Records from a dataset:
#####

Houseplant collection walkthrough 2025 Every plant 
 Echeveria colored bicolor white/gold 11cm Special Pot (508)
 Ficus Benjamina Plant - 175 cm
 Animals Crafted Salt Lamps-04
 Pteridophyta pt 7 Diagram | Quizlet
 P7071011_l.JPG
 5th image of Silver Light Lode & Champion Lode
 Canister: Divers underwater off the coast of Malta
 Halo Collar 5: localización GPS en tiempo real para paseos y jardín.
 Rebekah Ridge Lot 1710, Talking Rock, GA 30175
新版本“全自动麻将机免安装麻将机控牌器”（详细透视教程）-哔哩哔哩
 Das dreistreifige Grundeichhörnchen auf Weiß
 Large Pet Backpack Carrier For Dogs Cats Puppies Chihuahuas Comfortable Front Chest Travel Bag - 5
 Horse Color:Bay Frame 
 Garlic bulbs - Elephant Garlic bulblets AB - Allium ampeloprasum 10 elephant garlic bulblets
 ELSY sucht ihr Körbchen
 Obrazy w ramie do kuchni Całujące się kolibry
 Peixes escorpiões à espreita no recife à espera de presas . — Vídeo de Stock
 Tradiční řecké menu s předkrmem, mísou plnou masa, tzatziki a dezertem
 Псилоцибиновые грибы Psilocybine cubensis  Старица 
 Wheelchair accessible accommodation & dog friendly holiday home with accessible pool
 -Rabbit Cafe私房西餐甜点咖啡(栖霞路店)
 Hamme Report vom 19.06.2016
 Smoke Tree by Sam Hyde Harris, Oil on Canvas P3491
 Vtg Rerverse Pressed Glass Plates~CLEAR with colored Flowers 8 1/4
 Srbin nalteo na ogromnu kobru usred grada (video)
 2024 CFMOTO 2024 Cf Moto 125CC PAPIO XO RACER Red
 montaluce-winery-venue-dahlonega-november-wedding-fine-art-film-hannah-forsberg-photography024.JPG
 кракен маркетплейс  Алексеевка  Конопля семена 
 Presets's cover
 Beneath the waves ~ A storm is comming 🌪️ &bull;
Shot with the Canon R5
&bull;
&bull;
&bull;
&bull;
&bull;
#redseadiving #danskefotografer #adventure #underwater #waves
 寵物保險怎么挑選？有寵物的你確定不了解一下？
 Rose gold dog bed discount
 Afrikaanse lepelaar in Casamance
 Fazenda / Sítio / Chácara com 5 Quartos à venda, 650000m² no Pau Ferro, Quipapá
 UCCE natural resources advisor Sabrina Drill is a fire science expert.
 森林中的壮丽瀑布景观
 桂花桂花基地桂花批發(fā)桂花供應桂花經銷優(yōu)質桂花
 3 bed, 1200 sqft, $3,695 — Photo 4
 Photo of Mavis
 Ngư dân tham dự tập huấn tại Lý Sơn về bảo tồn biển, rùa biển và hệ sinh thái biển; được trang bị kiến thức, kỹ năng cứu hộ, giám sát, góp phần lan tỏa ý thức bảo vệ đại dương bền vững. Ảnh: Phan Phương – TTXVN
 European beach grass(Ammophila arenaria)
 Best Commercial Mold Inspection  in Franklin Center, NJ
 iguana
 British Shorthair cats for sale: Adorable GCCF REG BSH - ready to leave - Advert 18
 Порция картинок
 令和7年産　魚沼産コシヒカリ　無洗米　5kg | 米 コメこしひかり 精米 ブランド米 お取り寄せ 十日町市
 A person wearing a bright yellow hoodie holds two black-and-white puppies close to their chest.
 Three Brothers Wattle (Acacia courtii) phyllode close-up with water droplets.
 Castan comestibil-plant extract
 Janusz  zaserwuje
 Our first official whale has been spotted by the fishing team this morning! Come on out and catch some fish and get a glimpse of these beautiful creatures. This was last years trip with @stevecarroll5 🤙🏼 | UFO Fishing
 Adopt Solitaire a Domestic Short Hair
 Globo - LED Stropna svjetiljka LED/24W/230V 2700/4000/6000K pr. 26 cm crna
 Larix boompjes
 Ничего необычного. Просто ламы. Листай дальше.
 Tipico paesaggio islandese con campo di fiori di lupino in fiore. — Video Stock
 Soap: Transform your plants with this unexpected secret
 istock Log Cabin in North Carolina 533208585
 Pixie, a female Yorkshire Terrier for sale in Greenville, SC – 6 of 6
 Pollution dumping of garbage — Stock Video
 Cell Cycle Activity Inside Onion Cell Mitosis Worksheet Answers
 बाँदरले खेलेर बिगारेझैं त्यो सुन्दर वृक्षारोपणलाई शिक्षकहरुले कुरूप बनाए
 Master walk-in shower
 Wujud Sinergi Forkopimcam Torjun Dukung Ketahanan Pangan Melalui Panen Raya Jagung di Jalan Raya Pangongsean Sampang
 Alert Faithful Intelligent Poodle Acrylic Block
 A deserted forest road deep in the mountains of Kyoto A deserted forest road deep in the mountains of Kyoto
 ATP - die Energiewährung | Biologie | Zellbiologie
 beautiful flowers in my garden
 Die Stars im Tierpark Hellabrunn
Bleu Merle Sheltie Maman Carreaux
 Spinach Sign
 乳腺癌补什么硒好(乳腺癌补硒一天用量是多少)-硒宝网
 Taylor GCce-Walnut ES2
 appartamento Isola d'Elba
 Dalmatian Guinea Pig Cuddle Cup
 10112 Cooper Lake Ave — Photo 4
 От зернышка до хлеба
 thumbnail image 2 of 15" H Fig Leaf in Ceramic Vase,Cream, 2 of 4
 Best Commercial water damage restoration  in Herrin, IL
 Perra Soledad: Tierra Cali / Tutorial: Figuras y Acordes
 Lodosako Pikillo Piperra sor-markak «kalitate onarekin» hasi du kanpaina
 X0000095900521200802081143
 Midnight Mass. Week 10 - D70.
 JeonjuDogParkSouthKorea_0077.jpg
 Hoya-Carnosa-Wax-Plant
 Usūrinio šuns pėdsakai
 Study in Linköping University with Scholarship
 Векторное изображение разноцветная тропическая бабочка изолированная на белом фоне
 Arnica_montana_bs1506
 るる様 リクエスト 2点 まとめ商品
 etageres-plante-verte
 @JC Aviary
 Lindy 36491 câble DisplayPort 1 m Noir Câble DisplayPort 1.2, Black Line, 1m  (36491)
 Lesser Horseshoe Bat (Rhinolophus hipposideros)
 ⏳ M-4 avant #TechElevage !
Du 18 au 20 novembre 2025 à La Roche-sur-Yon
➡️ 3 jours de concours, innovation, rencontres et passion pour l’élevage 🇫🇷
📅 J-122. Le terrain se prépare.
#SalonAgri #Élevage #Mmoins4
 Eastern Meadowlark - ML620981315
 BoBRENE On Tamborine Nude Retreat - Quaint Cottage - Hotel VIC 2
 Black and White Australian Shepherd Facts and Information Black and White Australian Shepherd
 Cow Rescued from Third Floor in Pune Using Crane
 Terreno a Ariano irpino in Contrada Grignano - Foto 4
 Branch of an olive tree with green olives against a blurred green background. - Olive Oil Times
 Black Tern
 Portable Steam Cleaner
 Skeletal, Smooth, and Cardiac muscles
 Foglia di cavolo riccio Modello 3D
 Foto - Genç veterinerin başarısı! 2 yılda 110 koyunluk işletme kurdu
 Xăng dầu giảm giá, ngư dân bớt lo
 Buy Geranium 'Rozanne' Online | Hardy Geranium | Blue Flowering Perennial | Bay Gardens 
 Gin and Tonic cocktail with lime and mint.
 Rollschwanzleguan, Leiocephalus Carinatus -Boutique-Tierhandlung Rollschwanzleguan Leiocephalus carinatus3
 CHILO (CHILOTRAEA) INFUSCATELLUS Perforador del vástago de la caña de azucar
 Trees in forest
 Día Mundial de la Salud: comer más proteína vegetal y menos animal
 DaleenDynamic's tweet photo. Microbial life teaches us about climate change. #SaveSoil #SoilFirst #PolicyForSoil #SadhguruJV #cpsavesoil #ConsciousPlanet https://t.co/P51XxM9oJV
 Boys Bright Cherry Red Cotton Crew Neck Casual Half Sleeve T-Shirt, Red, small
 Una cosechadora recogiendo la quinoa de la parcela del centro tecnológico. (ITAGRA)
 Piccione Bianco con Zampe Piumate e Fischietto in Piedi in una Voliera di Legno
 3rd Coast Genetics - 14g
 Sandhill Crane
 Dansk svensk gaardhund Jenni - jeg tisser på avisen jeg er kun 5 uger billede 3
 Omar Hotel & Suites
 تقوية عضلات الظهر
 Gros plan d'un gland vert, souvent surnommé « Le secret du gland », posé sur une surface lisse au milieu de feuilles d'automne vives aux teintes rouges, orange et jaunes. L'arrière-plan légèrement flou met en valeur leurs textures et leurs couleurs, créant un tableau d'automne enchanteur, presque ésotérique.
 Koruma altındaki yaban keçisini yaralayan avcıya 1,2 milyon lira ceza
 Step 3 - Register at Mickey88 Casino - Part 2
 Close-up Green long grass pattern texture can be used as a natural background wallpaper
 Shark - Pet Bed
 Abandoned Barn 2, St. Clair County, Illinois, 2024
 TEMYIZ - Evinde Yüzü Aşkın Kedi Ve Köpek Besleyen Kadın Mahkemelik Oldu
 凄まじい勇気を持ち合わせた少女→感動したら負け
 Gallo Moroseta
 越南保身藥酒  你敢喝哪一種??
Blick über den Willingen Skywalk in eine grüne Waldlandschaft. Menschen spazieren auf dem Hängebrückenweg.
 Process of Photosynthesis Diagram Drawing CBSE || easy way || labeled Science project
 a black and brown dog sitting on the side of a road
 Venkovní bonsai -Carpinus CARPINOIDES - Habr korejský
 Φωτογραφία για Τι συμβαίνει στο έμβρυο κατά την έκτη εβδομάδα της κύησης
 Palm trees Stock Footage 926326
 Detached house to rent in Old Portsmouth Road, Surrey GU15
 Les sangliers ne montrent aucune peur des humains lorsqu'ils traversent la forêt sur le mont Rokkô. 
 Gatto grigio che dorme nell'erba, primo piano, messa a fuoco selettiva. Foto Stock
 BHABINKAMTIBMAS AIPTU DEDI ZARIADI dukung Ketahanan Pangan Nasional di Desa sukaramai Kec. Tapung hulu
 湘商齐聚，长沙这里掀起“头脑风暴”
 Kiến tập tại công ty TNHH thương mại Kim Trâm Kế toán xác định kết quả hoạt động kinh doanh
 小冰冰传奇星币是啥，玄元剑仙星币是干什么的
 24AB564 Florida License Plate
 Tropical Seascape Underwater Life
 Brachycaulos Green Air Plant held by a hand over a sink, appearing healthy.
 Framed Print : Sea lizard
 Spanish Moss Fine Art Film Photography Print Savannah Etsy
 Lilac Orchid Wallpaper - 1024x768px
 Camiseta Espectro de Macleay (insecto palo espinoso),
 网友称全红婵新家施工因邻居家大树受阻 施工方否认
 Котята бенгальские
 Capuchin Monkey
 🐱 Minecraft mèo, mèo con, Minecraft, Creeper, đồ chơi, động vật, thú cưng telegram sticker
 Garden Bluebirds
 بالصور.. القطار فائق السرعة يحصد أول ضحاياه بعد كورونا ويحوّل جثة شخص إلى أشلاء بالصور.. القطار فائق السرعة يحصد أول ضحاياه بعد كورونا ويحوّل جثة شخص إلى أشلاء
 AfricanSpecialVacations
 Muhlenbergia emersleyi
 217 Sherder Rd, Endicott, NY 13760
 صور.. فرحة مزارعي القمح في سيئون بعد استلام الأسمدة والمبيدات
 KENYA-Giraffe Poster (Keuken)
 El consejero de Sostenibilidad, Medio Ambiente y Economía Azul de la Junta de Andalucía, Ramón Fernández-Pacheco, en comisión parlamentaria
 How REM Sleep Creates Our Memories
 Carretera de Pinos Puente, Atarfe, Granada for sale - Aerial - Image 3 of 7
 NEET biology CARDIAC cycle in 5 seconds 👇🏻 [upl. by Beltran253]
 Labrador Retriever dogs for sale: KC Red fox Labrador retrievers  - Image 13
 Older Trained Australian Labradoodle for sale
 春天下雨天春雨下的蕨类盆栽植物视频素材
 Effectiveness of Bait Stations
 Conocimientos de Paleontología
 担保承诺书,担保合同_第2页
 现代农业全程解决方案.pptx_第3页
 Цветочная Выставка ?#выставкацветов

#####

**EXERCISE OBJECTIVE**
Word for word, please print every line from the beginning of the records to the line bearing "Canister: Divers underwater", counting both ends and stopping there.

**EXERCISE OUTPUT**
Houseplant collection walkthrough 2025 Every plant 
 Echeveria colored bicolor white/gold 11cm Special Pot (508)
 Ficus Benjamina Plant - 175 cm
 Animals Crafted Salt Lamps-04
 Pteridophyta pt 7 Diagram | Quizlet
 P7071011_l.JPG
 5th image of Silver Light Lode & Champion Lode
 Canister: Divers underwater off the coast of Malta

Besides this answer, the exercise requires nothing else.